Valeria Petrovna waved the suggestion aside. “Useless,” she exclaimed. “Nevaire will the Kommissars admit that they ’ave them prisoners—they ’ave been in the forbidden territory—it will be said that they died there in the snows.”

She began walking rapidly up and down, smoking cigarette after cigarette in a long thin holder. Marie Lou was about to offer a suggestion, but Valeria Petrovna stopped her with an impatient gesture. “Be silent—let me think.”

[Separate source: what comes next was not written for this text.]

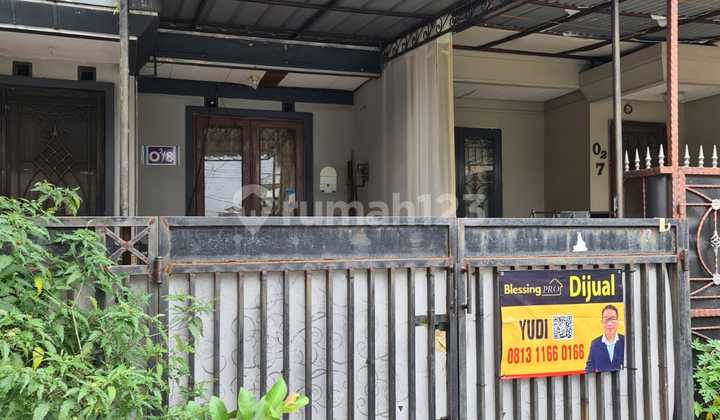 For Sale Unfurnished House Metro Permata 1, Karang Tengah, Tangerang 2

Her quick brain was working at top speed as she paced up and down; the Englishman was useless, she decided—a nice young man, but stupid—his presence would only increase her difficulties. As for the girl, she must be got rid of. “Love them all indeed!” What woman could love three men at one time? She also was in love with the clever, attractive Simon, that was clear; good-looking little fool—did she think to deceive Valeria Petrovna by not admitting it? Did the minx fancy that she, Valeria Petrovna, would be willing to pick the chestnuts out of the fire for another woman? What a mistake to think that! She should be handed over to the police—was she not a
bourgeoise?
—but wait—what of the Englishman? He could not be got rid of so easily, and just the stupid sort of fool to create trouble about the girl. Look at him now, gazing at her like a moon-struck calf. No, it must be some other way—and what of Simon, in prison there at Kiev? She must see Stalin. Stalin should give him up to her—he had a sense of humour, that one! There would be conditions, but they might be turned to her advantage. If he refused, she would threaten never to act again; he had trouble enough to keep the people to the work he demanded of them—they would make more trouble if she left the stage because he refused to pardon her lover. A sudden idea came to her as to how to deal with Marie Lou. She stopped in her quick pacing and
faced the girl. “Leave us, little one, for a minute, I wish to ’ave a word with Mistaire Eaton.” She pointed to the doorway of an inner room.